The governor has the high ground on this one. Coffman’s actions make sense only in the context of Republican opposition to anything with President Obama’s name attached. Cleaning up America’s production of electric power is necessary and prudent. It is, in fact, critical to the nation’s future.
The Clean Power Plan is a collection of regulations intended to cut carbon dioxide emissions from power plants all around the country, with an overall goal of reducing them 32 percent from 2005 levels by 2030. Each state has its own goal and is allowed flexibility in how to reach it. With a 32 percent national goal, the final rule is somewhat tougher than the EPA’s initial proposal.
This is not a one-size-fits-all, cookie-cutter federal imposition. It is a workable effort to address a real and recognized problem.
Colorado’s goal is to achieve a 28 percent cut in carbon dioxide emissions compared to a 2012 benchmark. That amounts to a 40 percent reduction in the number of pounds of carbon dioxide produced per megawatt of electricity generated.
And there is every reason to think Colorado can do that. The state set a goal in 2010 for investor-owned utilities to generate 30 percent of their power from renewable resources by 2020. As The Denver Post reported Monday, Minneapolis-based Xcel Energy – Colorado’s biggest energy supplier – has cut its carbon dioxide emissions by 26 percent since 2005 and is on course to see a 35 percent reduction by 2020.
Critics, of course, predict astronomically high electric rates, power shortages, lost jobs and economic catastrophe. But then they always do. Any push for cleaner air elicits the same litany of dire consequences – few if any of which ever come true.
Might the Clean Power Plan cost jobs? Of course, among people who sell coal. Then again, companies and workers involved in making or maintaining wind mills might prosper, perhaps along with producers of natural gas and manufacturers of solar panels.
Tourist-related industries and ski areas may not directly profit from reducing carbon monoxide emissions, but they could enjoy the publicity Colorado’s leadership could engender – and they certainly stand to lose if nothing is done about climate change. Besides, the effort to reduce carbon dioxide emissions will also cut other kinds of pollution. And part of what Colorado markets is its pure, blue sky.

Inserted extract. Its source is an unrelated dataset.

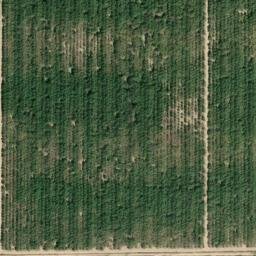 Satellite imagery of C 1039 — NGS GT1520 — Fresno County, US, US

Coffman contends the Clean Power Plan violates some part of the Clean Air Act and is therefore illegal. Hickenlooper questions whether the attorney general has the authority to bring a lawsuit on behalf of the state over the governor’s objection.
The state Supreme Court can answer the governor on that, while the U.S. Supreme Court could at some point be asked to speak to Coffman’s contention. A better outcome, however, would be if neither court were involved.
After all, what is there about cleaner air that is objectionable – even if Obama’s name is on the plan? Colorado does not need to get involved. Attorney General Coffman should drop this unnecessary effort and let the governor get on with cleaning up Colorado’s power.